You and your brand/firm/personal project need to get better at it, because the cool kids and the mid-life crisis cases are all doing it together now. Get your social on in 2015!
Golden Mic | Parisians ‘Not Afraid’ In Face of Terror
When terror gripped France in the wake of a terror attack that killed 12 people in an assault on the magazine Charlie Hebdo – and five more innocent bystanders as the terrorists rampaged through France – Parisians stood in solidarity, for freedom of speech, for justice and for repudiation of terror in any form.
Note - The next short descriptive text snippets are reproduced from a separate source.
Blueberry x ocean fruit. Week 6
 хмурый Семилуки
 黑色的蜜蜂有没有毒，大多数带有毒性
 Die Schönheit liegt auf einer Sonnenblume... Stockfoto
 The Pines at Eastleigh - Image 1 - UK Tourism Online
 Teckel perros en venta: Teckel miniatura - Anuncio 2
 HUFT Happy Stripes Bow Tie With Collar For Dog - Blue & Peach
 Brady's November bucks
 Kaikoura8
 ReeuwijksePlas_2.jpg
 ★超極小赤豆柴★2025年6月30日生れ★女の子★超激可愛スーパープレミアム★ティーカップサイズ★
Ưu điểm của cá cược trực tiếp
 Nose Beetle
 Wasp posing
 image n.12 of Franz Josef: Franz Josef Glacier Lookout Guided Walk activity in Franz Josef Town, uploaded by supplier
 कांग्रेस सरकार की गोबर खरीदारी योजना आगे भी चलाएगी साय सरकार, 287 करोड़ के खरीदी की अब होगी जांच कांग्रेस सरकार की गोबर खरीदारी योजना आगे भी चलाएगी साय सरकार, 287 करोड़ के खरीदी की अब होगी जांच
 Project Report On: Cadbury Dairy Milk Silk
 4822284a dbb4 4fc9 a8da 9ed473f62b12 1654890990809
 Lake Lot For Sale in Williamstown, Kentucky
The most poignant message in the aftermath of this evil was defiant signs proclaiming “Not Afraid.” More than a million marchers, hoisting symbolic pens – “The pen is mightier than the sword” – writing “liberty” and “free expression” on placards marched in a surge through the boulevards of Paris behind dozens of world leaders. For this defiant bravery, for standing up to the evil teeth of terror, for making freedom ring amidst all the pain and suffering, for not being afraid, the people of Paris get this week’s Golden Mic!